Instead, found it was of type 'Guest Collection'.
Please run the following command instead:
globus collection show f0267e3e-f246-449c-8303-037a3b8bd233
globus collection show f0267e3e-f246-449c-8303-037a3b8bd233
Display Name: Two-layer QG Lagrangian Simulations
Owner: [email protected]
ID: f0267e3e-f246-449c-8303-037a3b8bd233
Collection Type: guest
Storage Gateway ID: e92a3268-70a2-4480-9638-85d942c1216d
Connector: POSIX
High Assurance: False
Authentication Timeout: 43200
Multi-factor Authentication: False
Manager URL: https://0da32.08cc.data.globus.org
HTTPS URL: https://g-c70289.0da32.08cc.data.globus.org
TLSFTP URL: tlsftp://g-c70289.0da32.08cc.data.globus.org:443
Force Encryption: False
Public: True
Organization: Columbia University
Keywords: ['fluid', 'mechanics', 'coherent', 'structures']
Description: Dataset of Lagrangian trajectories from two-layer quasigeostrophic flow generated with pyqg.
Contact E-mail: [email protected]
Collection Info Link: https://github.com/ocean-transport/lcs-ml
Great! :tada: I found an HTTPS_URL
Try to figure out the correct URL for HTTPS
I now assumed that the directory would be accessible via this HTTPS endpoint. And it works!
$ curl https://g-c70289.0da32.08cc.data.globus.org/pyqg_ensemble/001.zarr/.zgroup
{
"zarr_format": 2
}%
I am also able to load the data via fsspec, xarray, and zarr!
import fsspec
import xarray as xr
url = 'https://g-c70289.0da32.08cc.data.globus.org/pyqg_ensemble/001.zarr'
mapper = fsspec.get_mapper(url)
ds = xr.open_zarr(mapper)
And plot it using lazy loading
ds.vort[0, 0].plot(robust=True)
This is a huge milestone. Thanks so much for your support.
One final subtle issue i have noticed: subdirectories in this HTTPS endpoint do not have the correct content-type httpd/unix-directory.
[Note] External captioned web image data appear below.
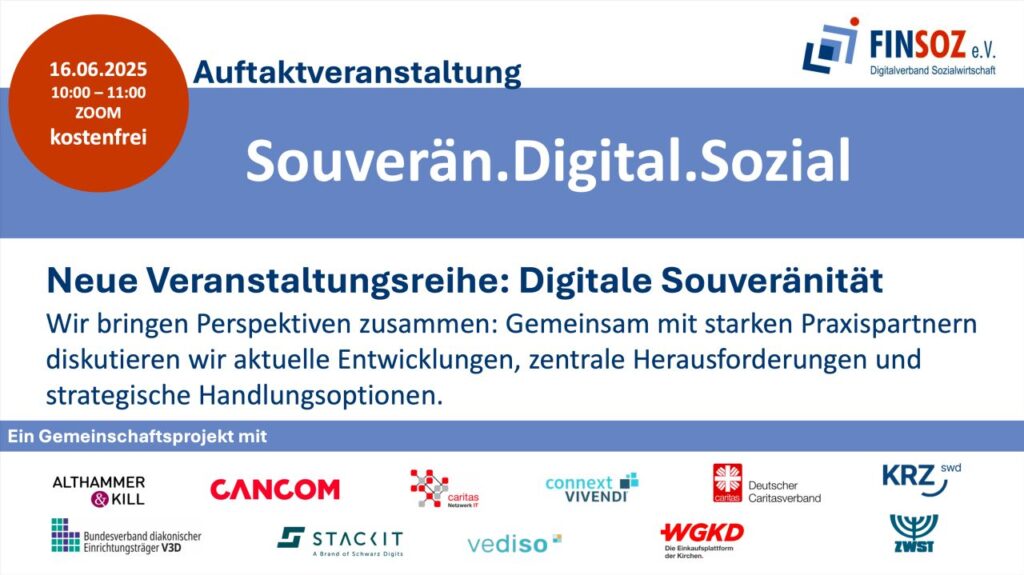 🔥🧯Digitale Souveränität 🥁🤷‍♂️ - Eines der Mega-Themen für Europa (und für mich!)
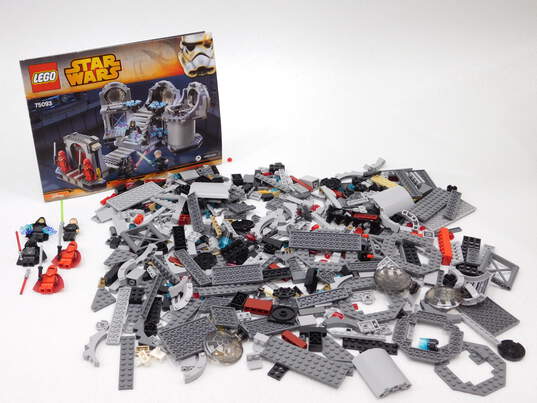 LEGO Star Wars 75093, Death Star Final Duel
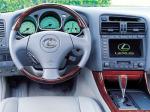 Lexus GS430 2000 года (EU)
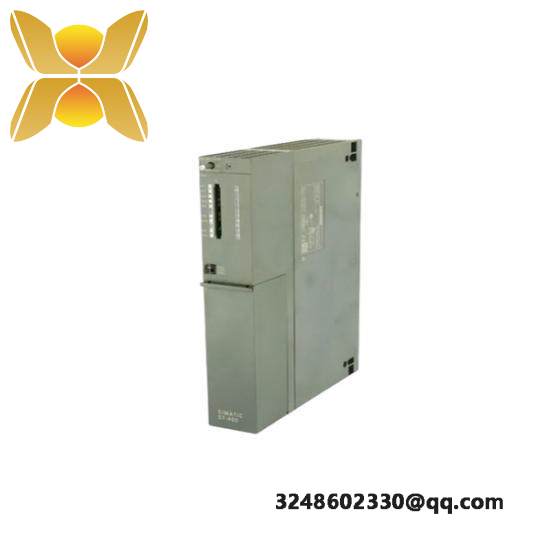 SIEMENS 6ES7416-3ER05-0AB0 CPU MODULE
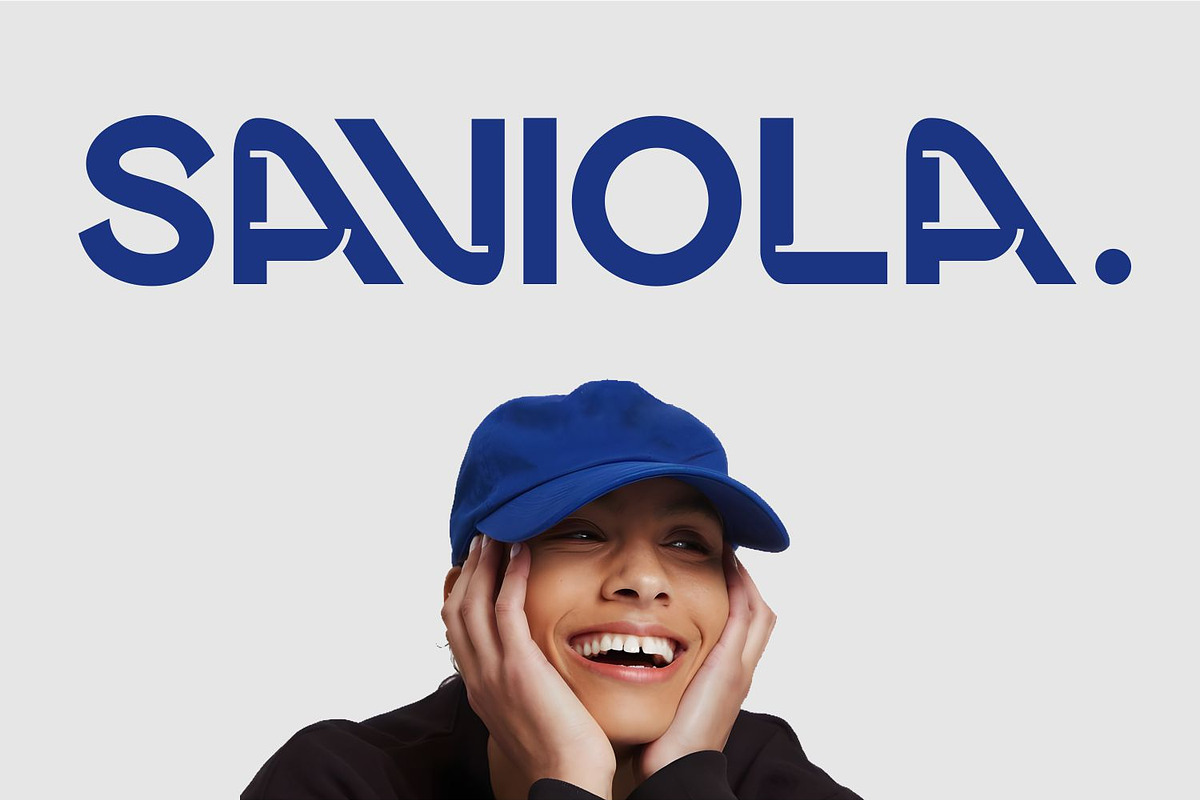 Volta – Bold Condensed Futuristic Sp, a Sans Serif Font by WhymoreArt (Photo 3 of 11)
Compare the root
$ curl --head https://g-c70289.0da32.08cc.data.globus.org/
HTTP/1.1 200 OK
Date: Mon, 28 Mar 2022 16:06:52 GMT
Server: Apache/2.4.37 (Red Hat Enterprise Linux) OpenSSL/1.1.1g
Strict-Transport-Security: max-age=31536000
Access-Control-Allow-Origin: *
Access-Control-Allow-Headers: Authorization, Content-Type, X-Requested-With, Range
Access-Control-Allow-Methods: HEAD, GET, PUT, DELETE, OPTIONS
Accept-Ranges: bytes
Content-Length: 4096
Content-Type: httpd/unix-directory
to the subdirectory
$ curl --head https://g-c70289.0da32.08cc.data.globus.org/pyqg_ensemble/001.zarr/
HTTP/1.1 200 OK
Date: Mon, 28 Mar 2022 16:06:47 GMT
Server: Apache/2.4.37 (Red Hat Enterprise Linux) OpenSSL/1.1.1g
Strict-Transport-Security: max-age=31536000
Access-Control-Allow-Origin: *
Access-Control-Allow-Headers: Authorization, Content-Type, X-Requested-With, Range
Access-Control-Allow-Methods: HEAD, GET, PUT, DELETE, OPTIONS
Accept-Ranges: bytes
Content-Length: 4096
This will cause some issues for our downstream tooling. I would consider it a bug in the globus HTTPS implementation. Where would be the best place to report this bug? Thanks.
Happy to help @rabernat ! @kylechard any comments on how Ryan should proceed?
I believe the globus docs need an update. Is there a place I can make a PR?
Yes, looking at this, and speaking as one of the maintainers of the globus-cli, we need to fix this doc. The docs.globus.org source is private, but I'll make sure we take care of this. If you're looking for a place to file upstream issues, we're happy to take any bug reports either via [email protected] or on the CLI issue tracker if they're globus-cli related.
This doc was correct until the release of globus-cli v3.0.0. In 3.0, we added features for handling GCS version 5 which made the command inaccurate (it should have been updated to globus collection show ...), and we didn't catch it.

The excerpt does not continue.